Any reason this can't just be another #elif?

> #ifdef CONFIG_OUT_OF_LINE_PFN_TO_PAGE
> Index: linux-2.6.21-rc5-mm2/mm/sparse.c
> ===================================================================
> --- linux-2.6.21-rc5-mm2.orig/mm/sparse.c 2007-03-31 22:47:14.000000000 -0700
> +++ linux-2.6.21-rc5-mm2/mm/sparse.c 2007-03-31 22:59:35.000000000 -0700
> @@ -9,6 +9,7 @@
> #include <linux/spinlock.h>
> #include <linux/vmalloc.h>
> #include <asm/dma.h>
> +#include <asm/pgalloc.h>
>
> /*
> * Permanent SPARSEMEM data:
> @@ -101,7 +102,7 @@ static inline int sparse_index_init(unsi
>
> /*
> * Although written for the SPARSEMEM_EXTREME case, this happens
> - * to also work for the flat array case becase
> + * to also work for the flat array case because
> * NR_SECTION_ROOTS==NR_MEM_SECTIONS.
> */
> int __section_nr(struct mem_section* ms)
> @@ -211,6 +212,90 @@ static int sparse_init_one_section(struc
> return 1;
> }
>
> +#ifdef CONFIG_SPARSE_VIRTUAL
> +
> +void *vmemmap_alloc_block(unsigned long size, int node)
> +{
> + if (slab_is_available()) {
> + struct page *page =
> + alloc_pages_node(node, GFP_KERNEL,
> + get_order(size));
> +
> + BUG_ON(!page);
> + return page_address(page);
> + } else
> + return __alloc_bootmem_node(NODE_DATA(node), size, size,
> + __pa(MAX_DMA_ADDRESS));
> +}

Hmmmmmmm. Can we combine this with sparse_index_alloc()? Also, why not
just use the slab for this?

Let's get rid of the _block() part, too. I'm not sure it does any good.
At least make it _bytes() so that we know what the units are. Also, if
you're just going to round up internally and _not_ use the slab, can you
just make the argument in pages, or even order?
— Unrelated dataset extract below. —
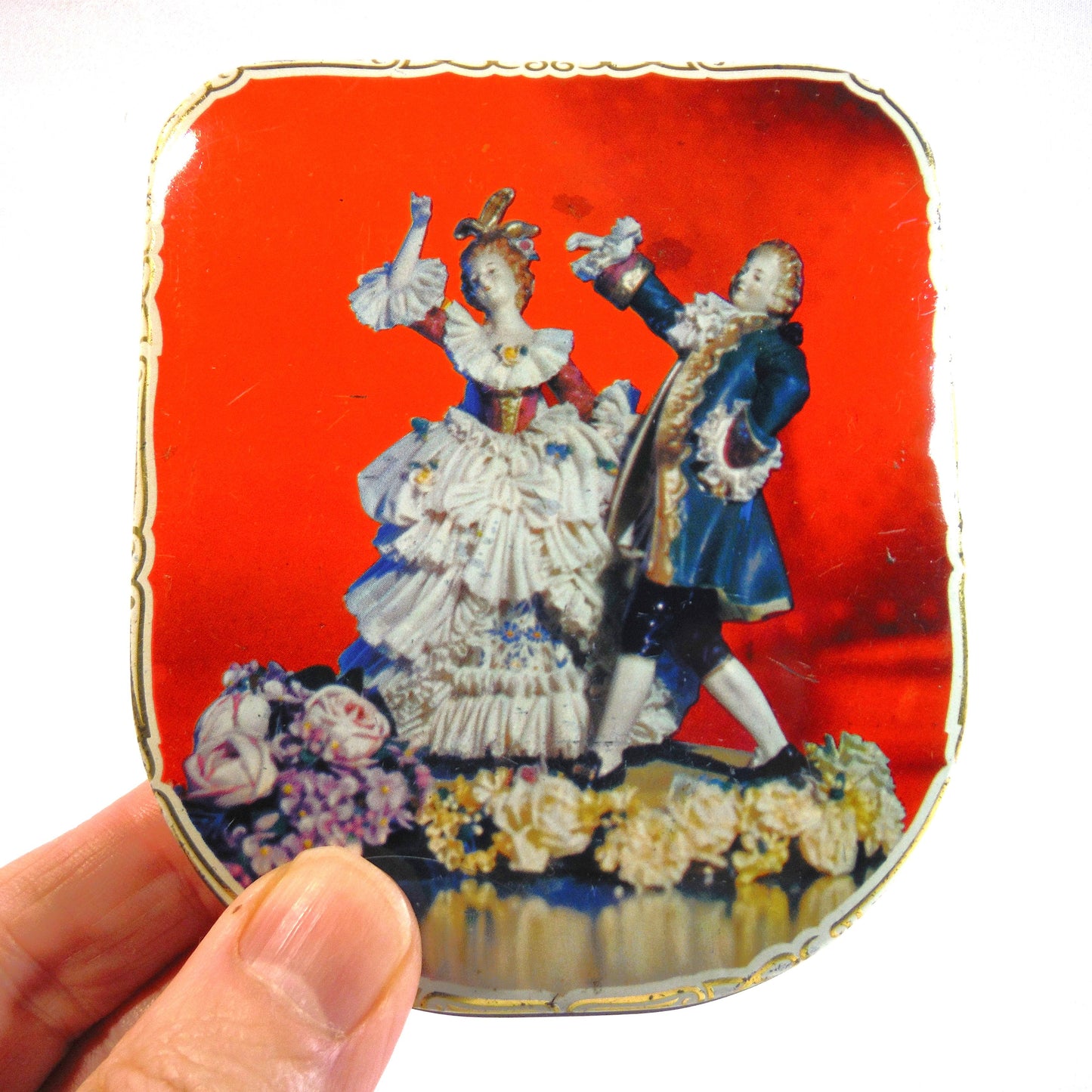Antique Rounded Pocket Tin: 'DISCO DANCING DUKE AND DUTCHESS'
Can you think of any times when we'd want that BUG_ON() to be a
WARN_ON(), instead? I can see preferring having my mem_map[] on the
wrong node than hitting a BUG().

> +#ifndef ARCH_POPULATES_VIRTUAL_MEMMAP
> +/*
> + * Virtual memmap populate functionality for architectures that support
> + * PMDs for huge pages like i386, x86_64 etc.
> + */

How about:

/*
* Virtual memmap support for architectures that use Linux pagetables
* natively in hardware, and support mapping huge pages with PMD
* entries.
*/

It wouldn't make sense to map the vmemmap area with Linux pagetables on
an arch that didn't use them in hardware, right? So, perhaps this
doesn't quite belong in mm/sparse.c. Perhaps we need
arch/x86/sparse.c. ;)

> +static void vmemmap_pop_pmd(pud_t *pud, unsigned long addr,
> + unsigned long end, int node)
> +{
> + pmd_t *pmd;
> +
> + end = pmd_addr_end(addr, end);
> +
> + for (pmd = pmd_offset(pud, addr); addr < end;
> + pmd++, addr += PMD_SIZE) {
> + if (pmd_none(*pmd)) {
> + void *block;
> + pte_t pte;
> +
> + block = vmemmap_alloc_block(PMD_SIZE, node);
> + pte = pfn_pte(__pa(block) >> PAGE_SHIFT,
> + PAGE_KERNEL);
> + pte_mkdirty(pte);
> + pte_mkwrite(pte);
> + pte_mkyoung(pte);
> + mk_pte_huge(pte);
> + set_pmd(pmd, __pmd(pte_val(pte)));
> + }
> + }
> +}

Nitpick: I think this would look quite a bit neater with a little less
indentation.

How about making the loop start with

if (!pmd_none(*pmd))
continue;

It should bring the rest of the code in a bit and make that long line
more readable.

> +static void vmemmap_pop_pud(pgd_t *pgd, unsigned long addr,
> + unsigned long end, int node)
> +{
> + pud_t *pud;
> +
> + end = pud_addr_end(addr, end);
> + for (pud = pud_offset(pgd, addr); addr < end;
> + pud++, addr += PUD_SIZE) {
> +
> + if (pud_none(*pud))
> + pud_populate(&init_mm, pud,
> + vmemmap_alloc_block(PAGE_SIZE, node));
> +
> + vmemmap_pop_pmd(pud, addr, end, node);
> + }
> +}
> +
> +static void vmemmap_populate(struct page *start_page, unsigned long nr,
> + int node)
> +{
> + pgd_t *pgd;
> + unsigned long addr = (unsigned long)(start_page);
> + unsigned long end = pgd_addr_end(addr,
> + (unsigned long)((start_page + nr)));

There appear to be a few extra parentheses on these lines.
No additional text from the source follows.